What this task involves: Could you restate word for word the lines running from the one with "Used Haval F5" to the end of the data, both ends included, but without pictures?

(Material for the task)

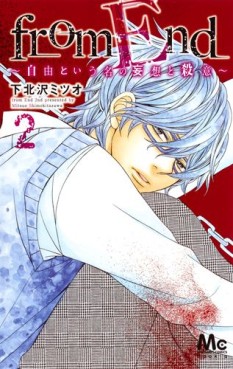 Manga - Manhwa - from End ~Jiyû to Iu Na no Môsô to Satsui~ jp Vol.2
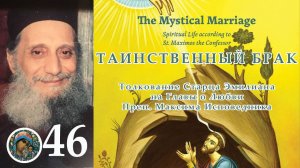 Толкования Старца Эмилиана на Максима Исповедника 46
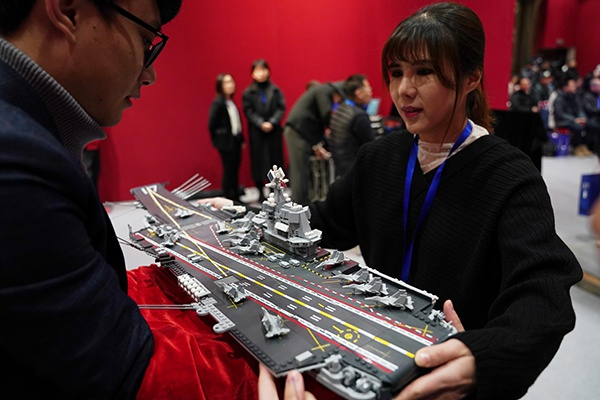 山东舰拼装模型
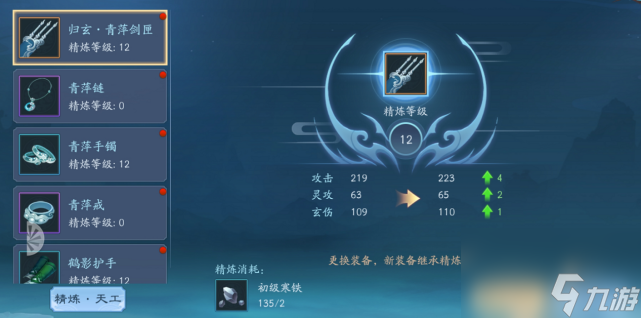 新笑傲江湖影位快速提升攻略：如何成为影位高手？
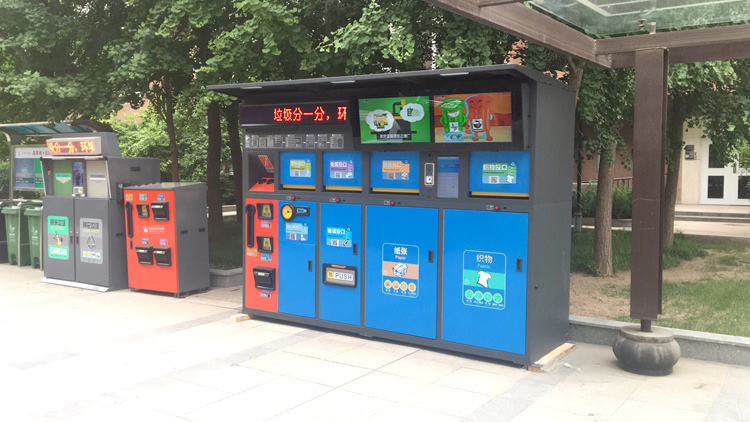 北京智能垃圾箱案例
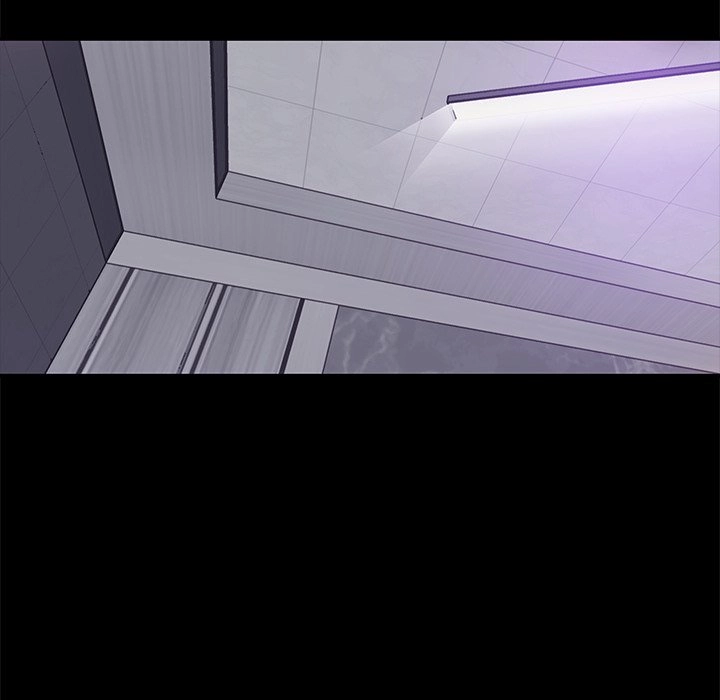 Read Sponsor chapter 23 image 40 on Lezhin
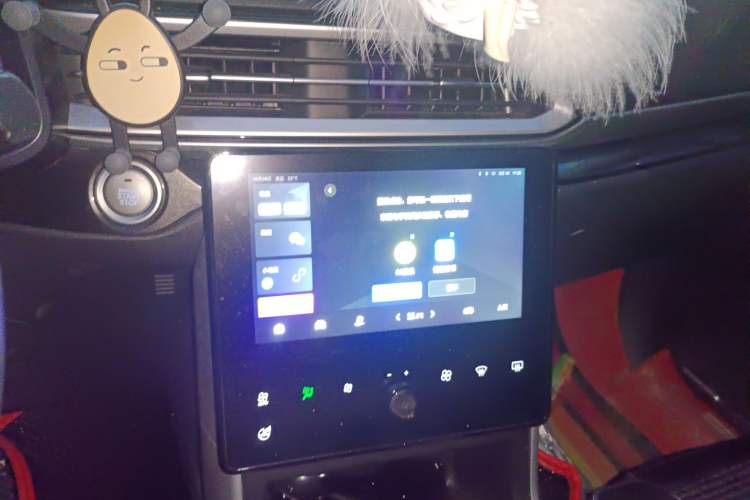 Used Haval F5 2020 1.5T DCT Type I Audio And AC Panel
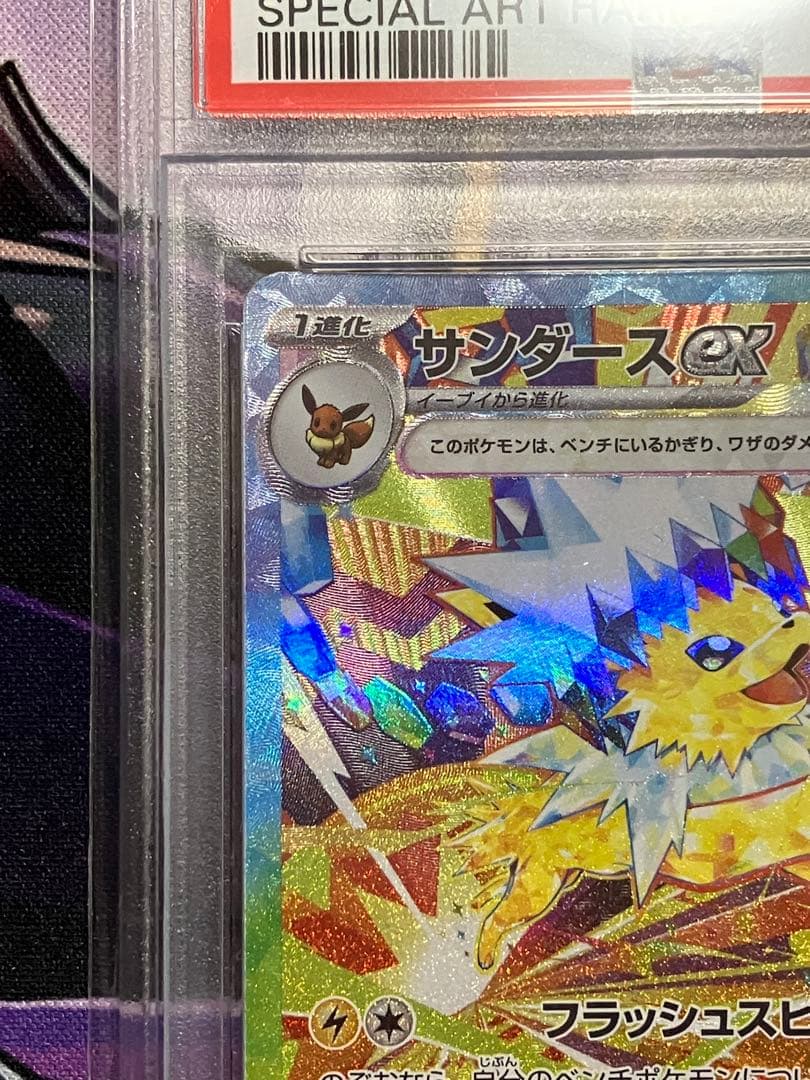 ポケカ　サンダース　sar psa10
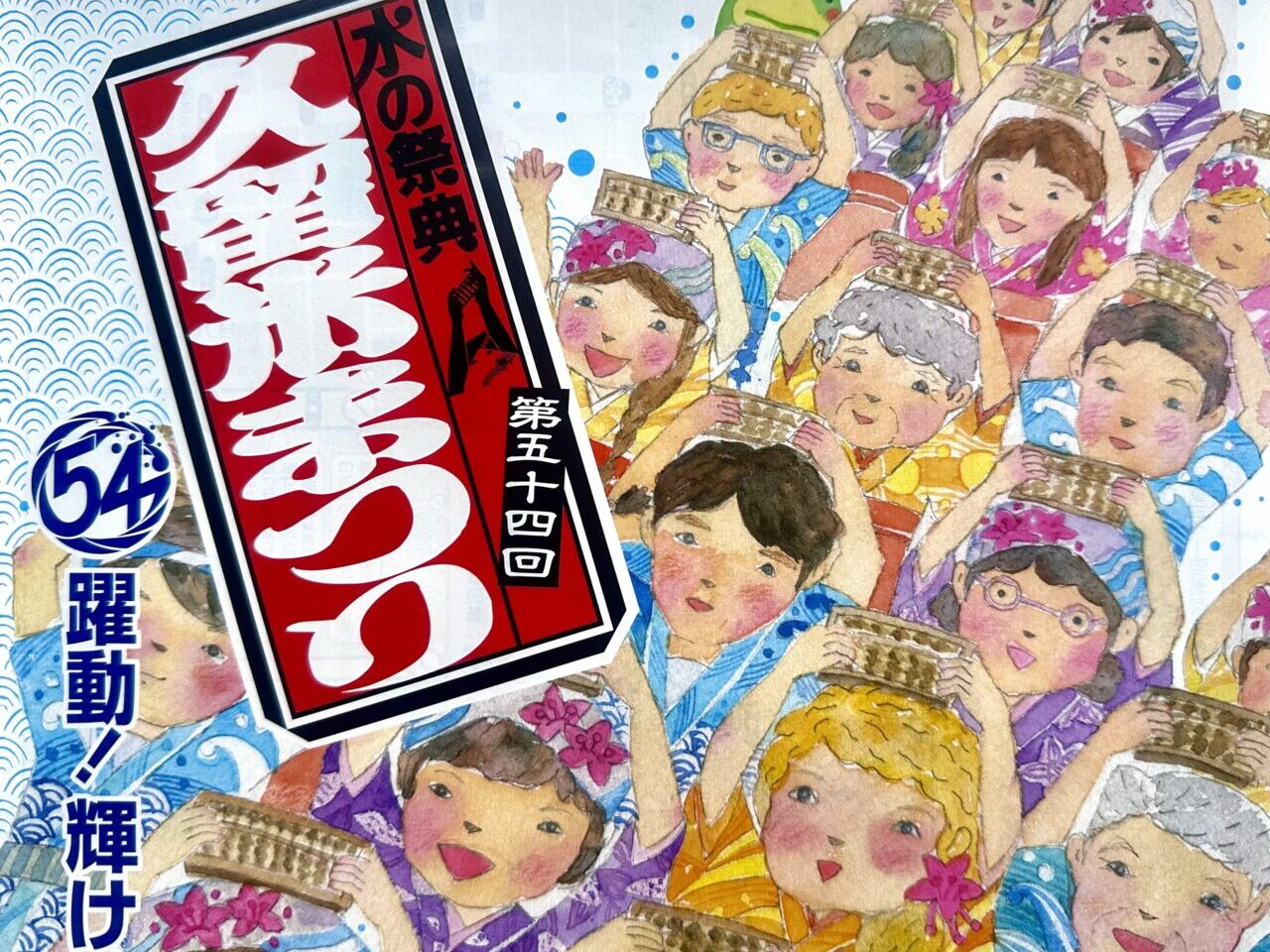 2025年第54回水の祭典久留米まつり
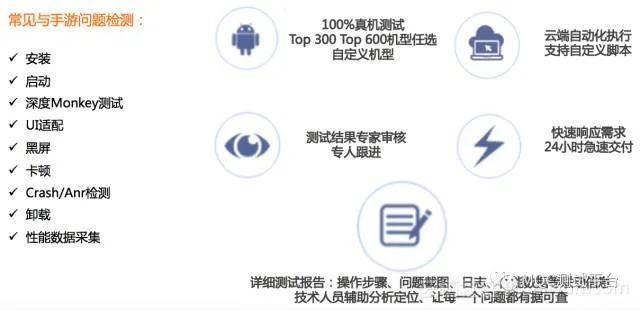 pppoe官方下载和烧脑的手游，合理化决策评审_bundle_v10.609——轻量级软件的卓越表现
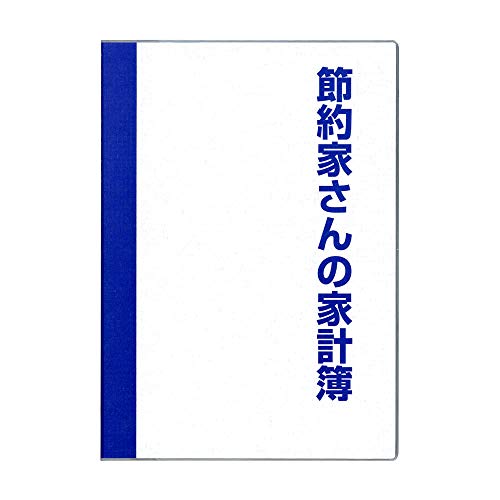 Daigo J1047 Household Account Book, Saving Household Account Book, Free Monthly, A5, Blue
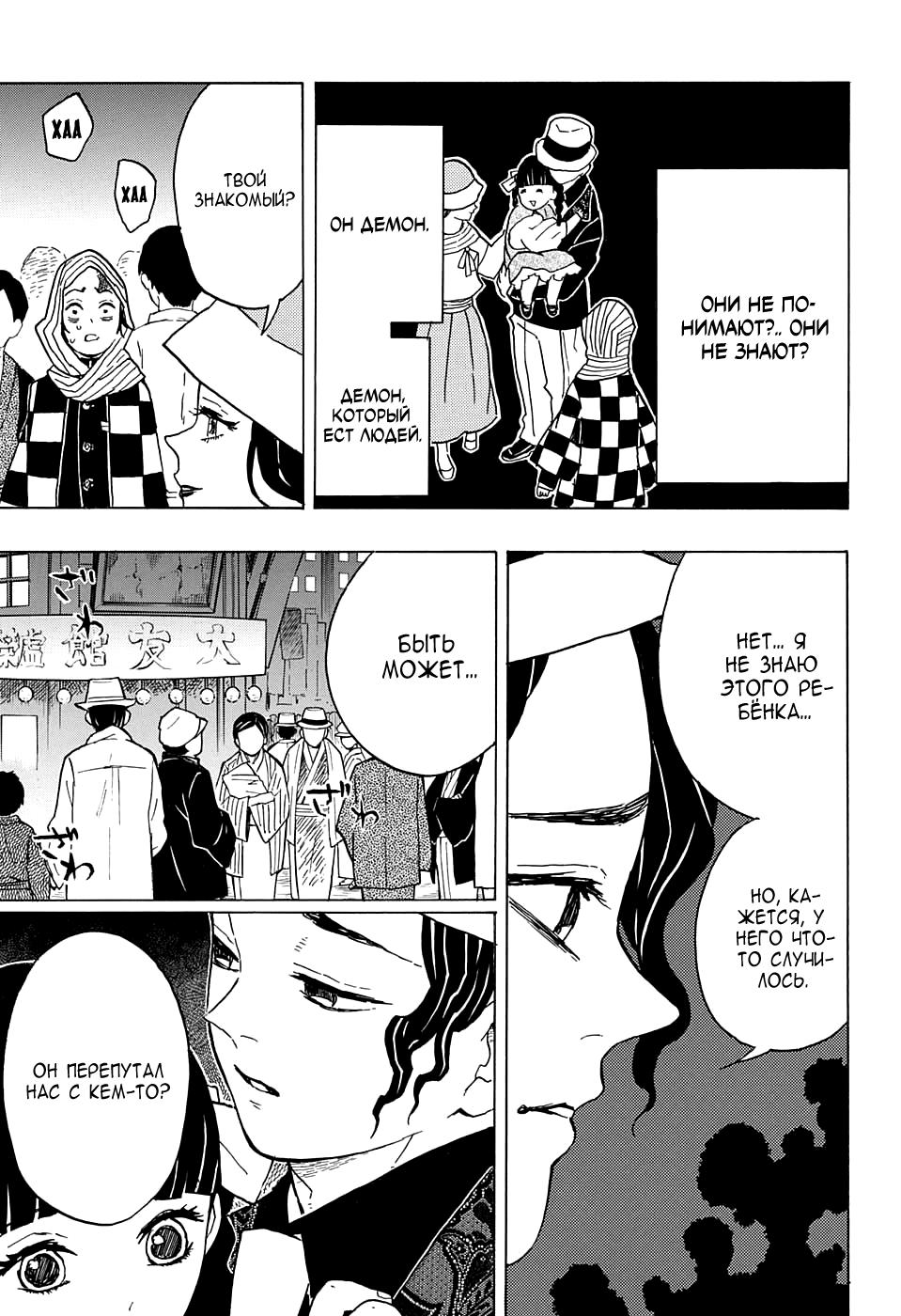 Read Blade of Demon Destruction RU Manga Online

(End Material for the task)

Task answer:
 Used Haval F5 2020 1.5T DCT Type I Audio And AC Panel
 ポケカ　サンダース　sar psa10
 2025年第54回水の祭典久留米まつり
 pppoe官方下载和烧脑的手游，合理化决策评审_bundle_v10.609——轻量级软件的卓越表现
 Daigo J1047 Household Account Book, Saving Household Account Book, Free Monthly, A5, Blue
 Read Blade of Demon Destruction RU Manga Online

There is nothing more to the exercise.